* What the exercise asks:
Copy nothing but the lines running from the one containing "-东来顺饭庄(王府井步行街店)" through the end of the listing below. Drop the pictures.

*** Data extract ***

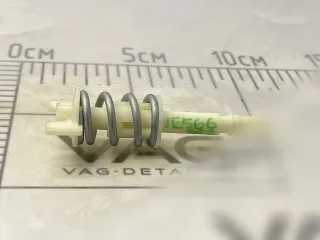 1K8945300 Кронштейн крепления фонаря заднего левого Volkswagen Golf 6 Арт 151826370, вид 1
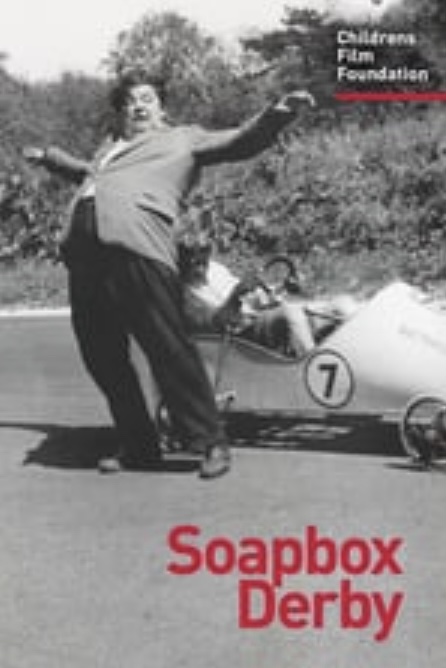 Soapbox Derby (1958) Screenshot 5 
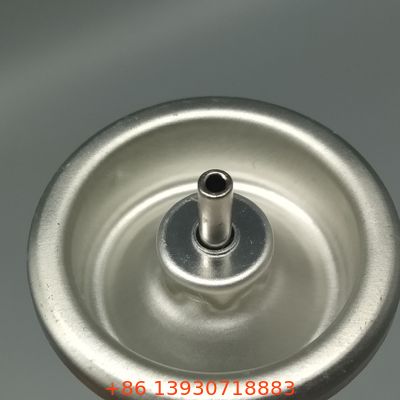 High-Precision Certified Metered Aerosol Valves for Pharmaceutical Inhalers and Medical Sprays with Consistent Dosage Delivery.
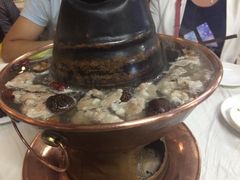 -东来顺饭庄(王府井步行街店)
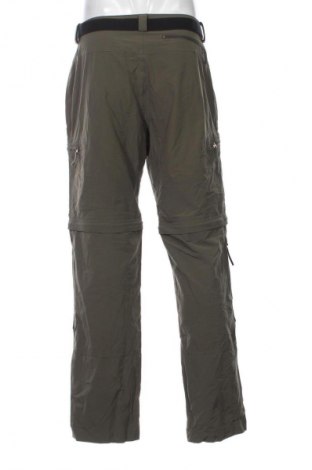 Pantaloni de bărbați The North Face, Mărime L, Culoare Verde, Preț 290,99 Lei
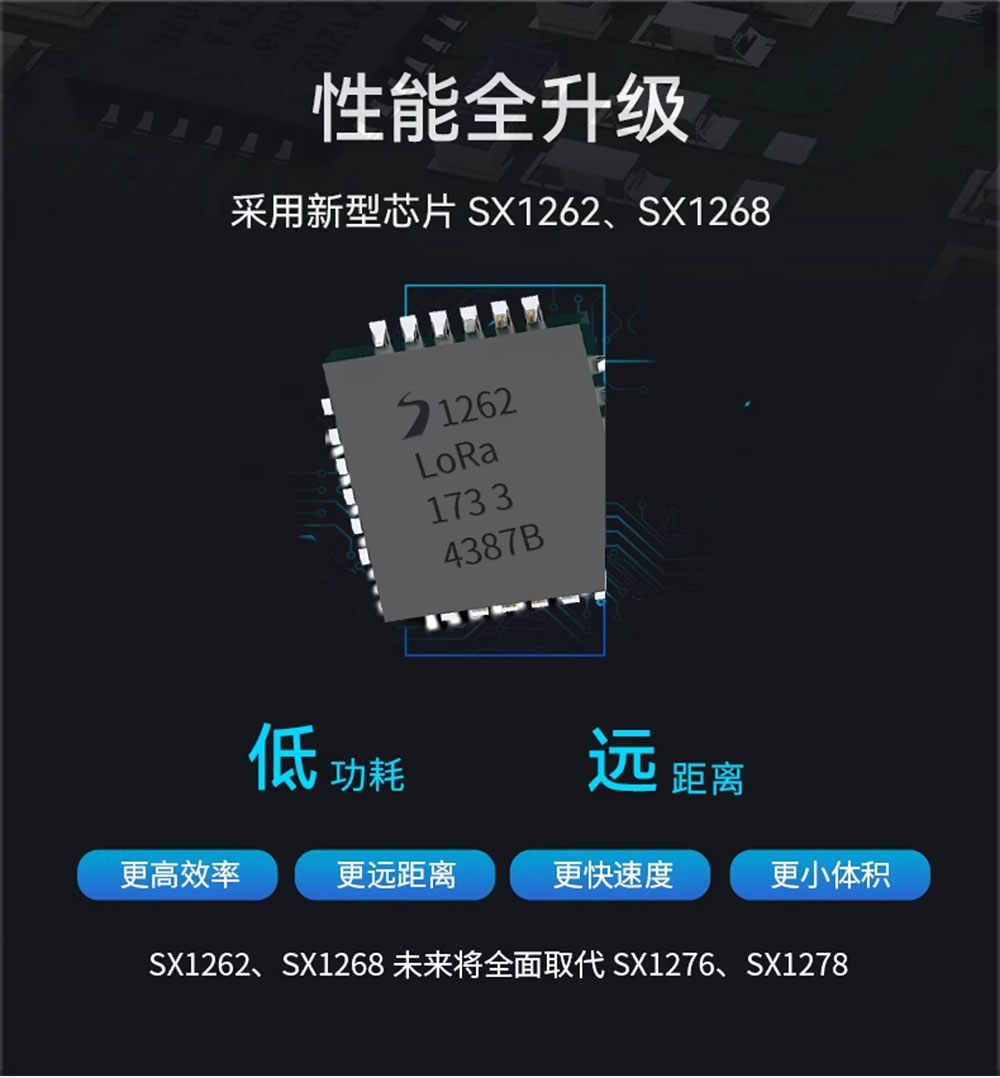 E22-170M22S系列LORA模塊 (3)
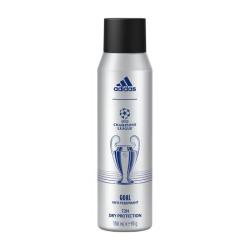Adidas DEO Men 150ml UEFA no.11 Goal
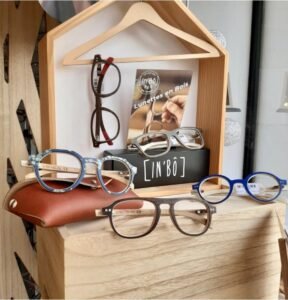 Optique Liberté - Cognac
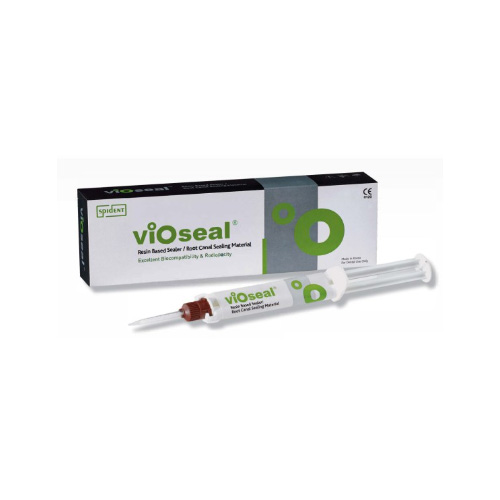 سیلر بیس رزینی | VioSeal / Resin Based Sealer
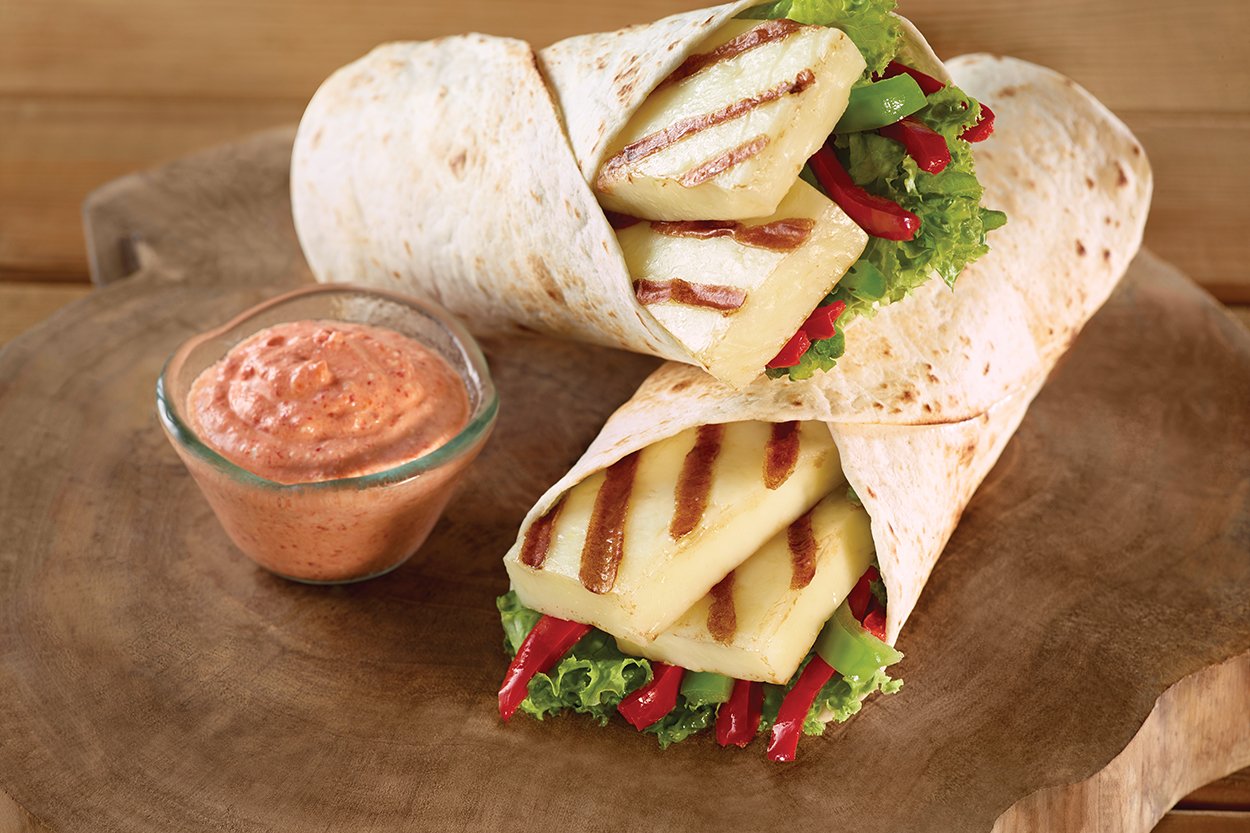 Rüyada Dürüm Yemek / Rüyada Dürüm Görmek Tabiri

*** End of Data extract ***

* Your solution:
 -东来顺饭庄(王府井步行街店)
 Pantaloni de bărbați The North Face, Mărime L, Culoare Verde, Preț 290,99 Lei
 E22-170M22S系列LORA模塊 (3)
Adidas DEO Men 150ml UEFA no.11 Goal
 Optique Liberté - Cognac
 سیلر بیس رزینی | VioSeal / Resin Based Sealer
 Rüyada Dürüm Yemek / Rüyada Dürüm Görmek Tabiri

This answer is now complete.